I love people. I have ALWAYS loved people. Since birth, they have been my passion and calling inside of my heart to glorify God. He taught me to pursue Truth and to tell anyone who would listen. People, are the audience of my art. Not an audience of 1? Yes, it's for Him, and to Him, and via Him but in front of them. Mostly. My earthly father was born to a similar cause. To this day, from what I hear, he rarely meets a stranger without an attempt to make them his friend. My dad was called to minister, I believe that.  

I used to believe that I was going to be the minister that my dad was called to be . . . 

The truth has been revealed. 

I am the minister my God has called me to be. I am unworthy. I am blessed. I am God's.  

I belong to my purpose, to glorify God and in that I shall strive. Striving in 2012 will look much different than the "striving" of 2011. That was a confusing year, my friends :) As I leave my father behind, I pray for him upon each letting go. Each piece of baggage I learn to drop, has significance in the healing process and in the desire to grow beyond the circumstances that once attempted to keep me trapped, and useless. God in me is strong. 


“THE SPIRIT OF THE LORD IS UPON ME,
BECAUSE HE ANOINTED ME TO PREACH THE GOSPEL TO THE POOR.
HE HAS SENT ME TO PROCLAIM RELEASE TO THE CAPTIVES,
AND RECOVERY OF SIGHT TO THE BLIND,
TO SET FREE THOSE WHO ARE OPPRESSED,
TO PROCLAIM THE FAVORABLE YEAR OF THE LORD.” -Luke 4:18-19(Jesus here fulfilled Isaiah's prophesy) 

Pray for my dad. I ask more than anything in the world. He doesn't have a facebook or access to my blog that I know of but either way, he can know I love him and want him whole. He wants to be known and loved. too. This is his sought after prize. "Jesus, be His prize in 2012." 

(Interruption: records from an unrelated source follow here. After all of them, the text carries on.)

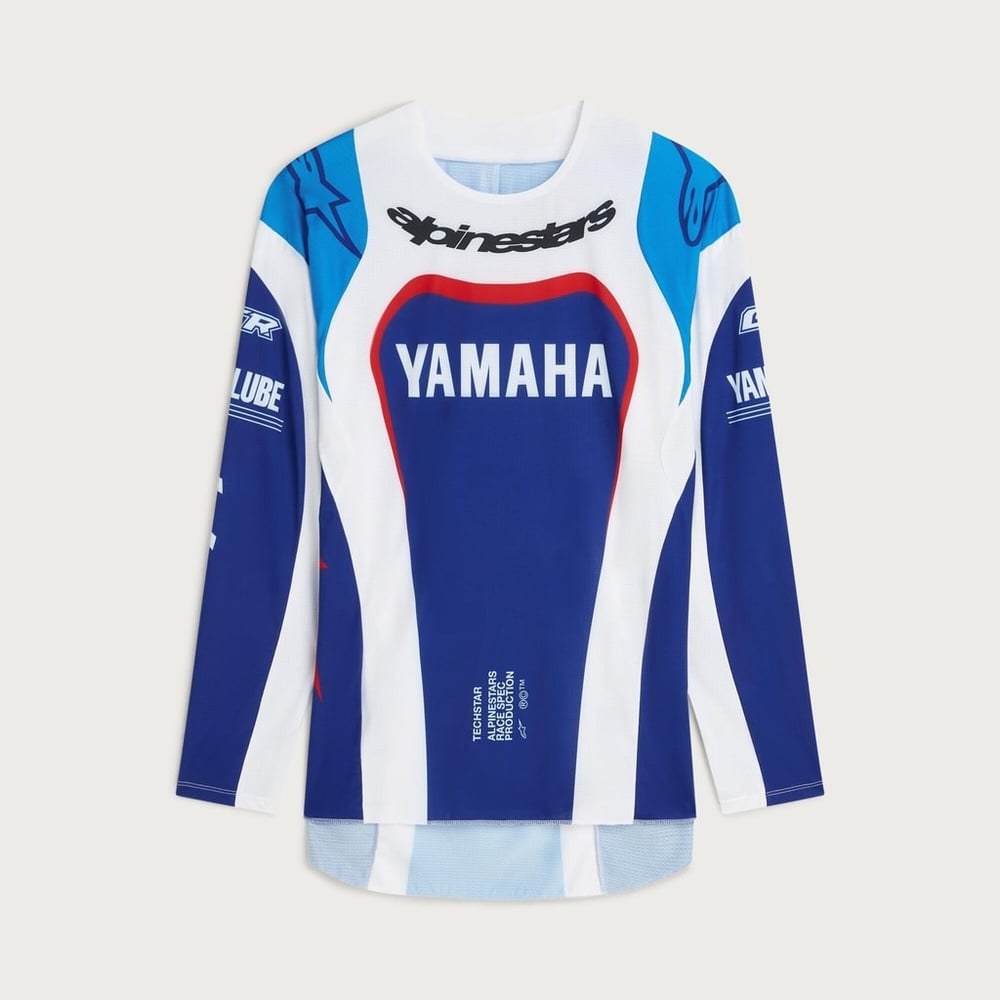 26 MX JERSEY ERKEK PECOS
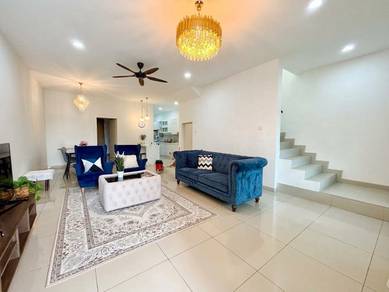 2-storey Terraced House For Sale in Pontian,JHR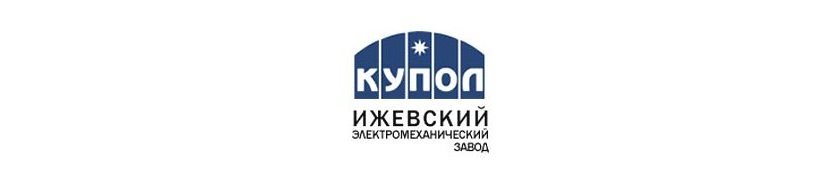 лого купол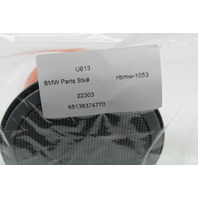 2000 2001 2002 2003 2004 BMW 330i Front Top Hifi Mid Range Speaker OEM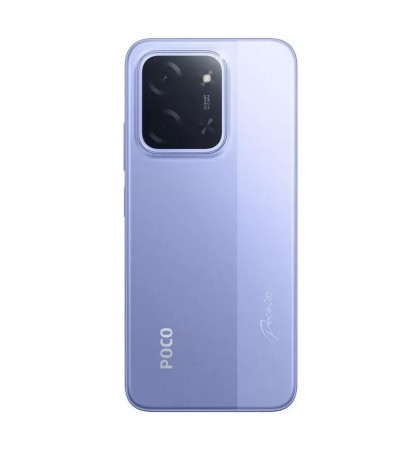 Смартфон Xiaomi POCO C85 6/128Gb Purple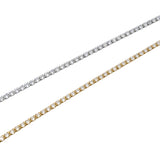 Bracciale infinity 2.0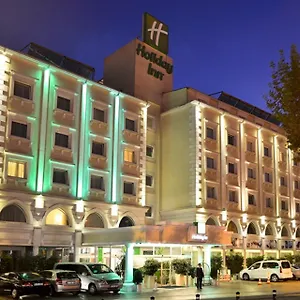 Hotell Holiday City By Ihg, Istanbul
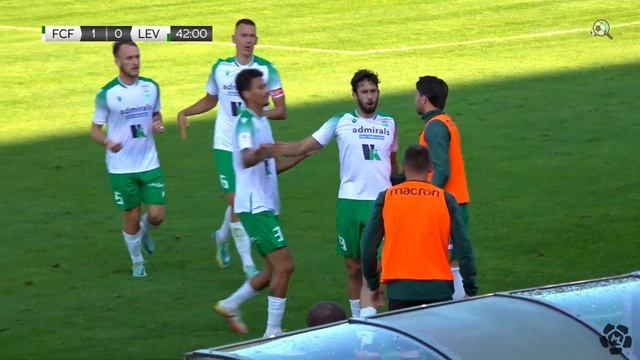Tallinna FC Flora - FCI Levadia I 2:2 I Tipphetked смотреть онлайн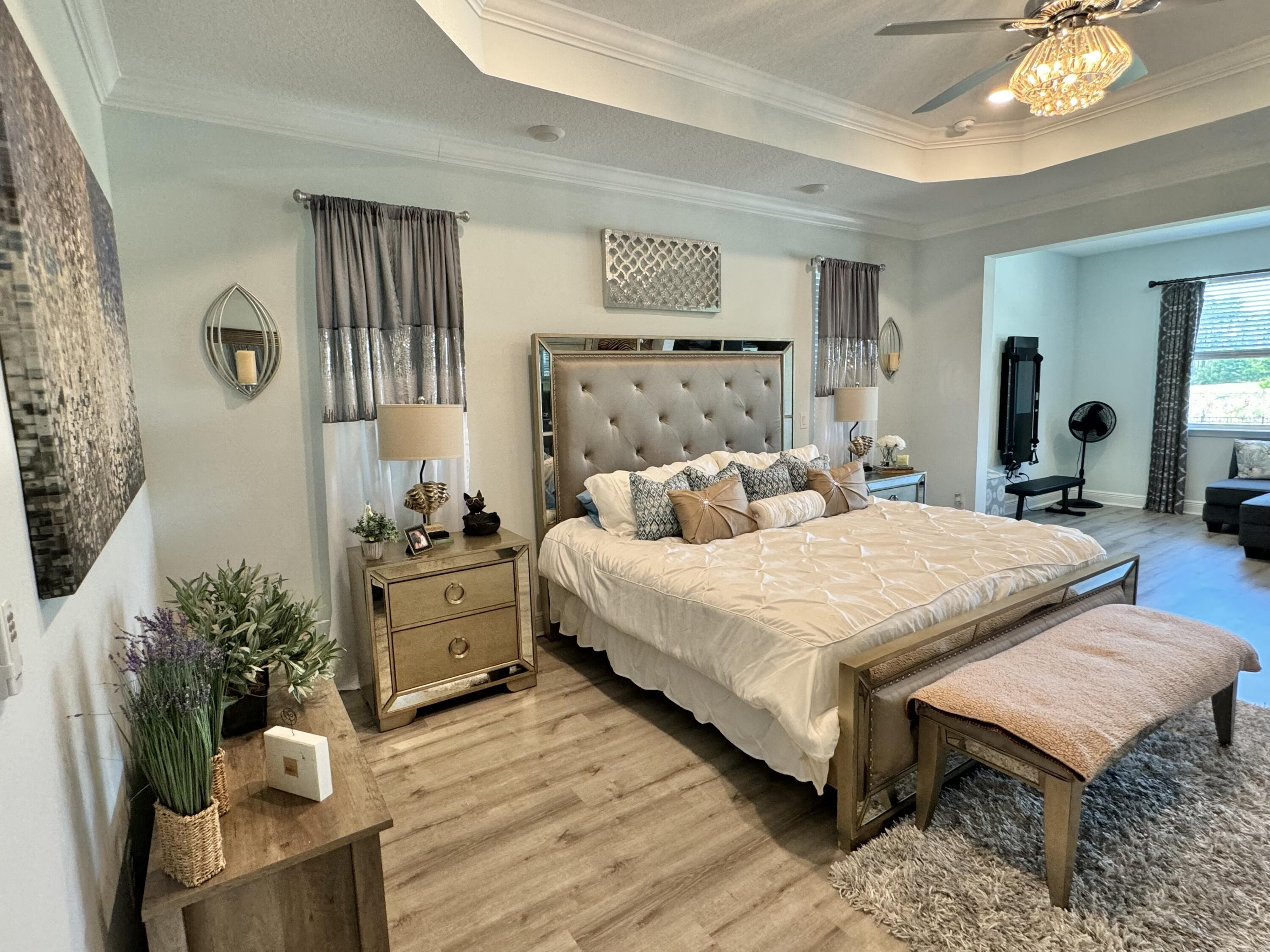 WINDSWEPT ESTATES - Residential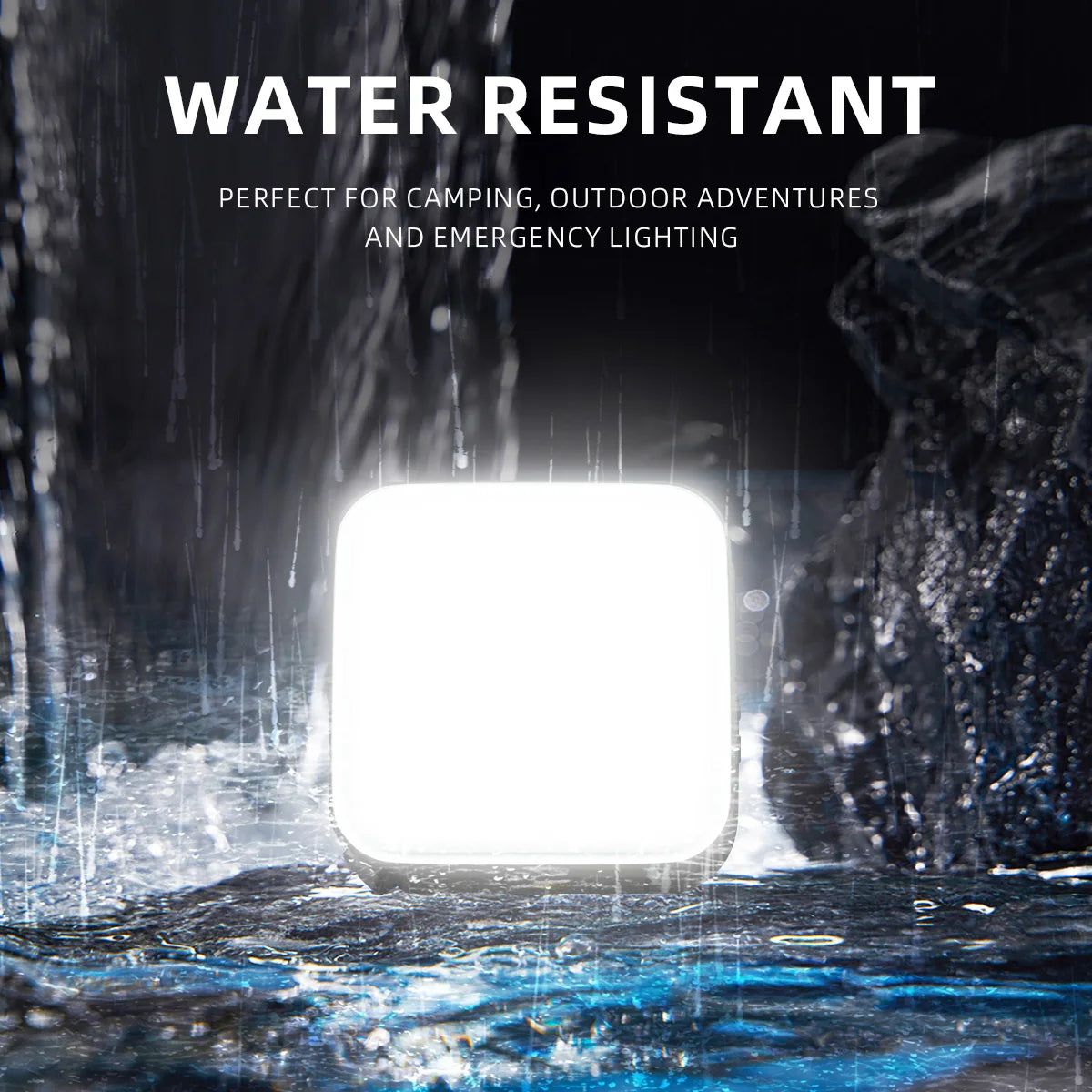 Camping Lights Waterproof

On to brighter things . . .2011 makes me crinkle my nose a little bit, haha! I laugh at the thought of my life in this past year. So many unexpected moments. So many mysterious moves. As the philosophical wonder, "Dori" from Finding Nemo once said, "Just keep swimming!" I did! I find it humorous that the last production that I was a part of while at my alma mater was named, "Moving Forward" for that is what we all did! I miss you. I miss my "Family" and my friends. Blessed to still be apart and affected by your memory and love.  


I laugh at my antics as I spoke, sang, danced, and periodically yelled at god over the last year! "What are you doing up there, for heaven's sake!" Hahah! He is funny :) 

Gain and loss. 

Revealed Ministries took my breath away both spring and fall in ways that can only be described as a team member once did, "WHOOH." Yes, I smile. Life-change, passion, music, dancing, art, speaking, truth, tears . . .names. 




In 2011 I ate spaghetti.

The summer of Shooting Water and a great City-scape leave me with the knowledge that I can't do life alone. Community matters. God did not make man an island and no one can be your savior but Him. 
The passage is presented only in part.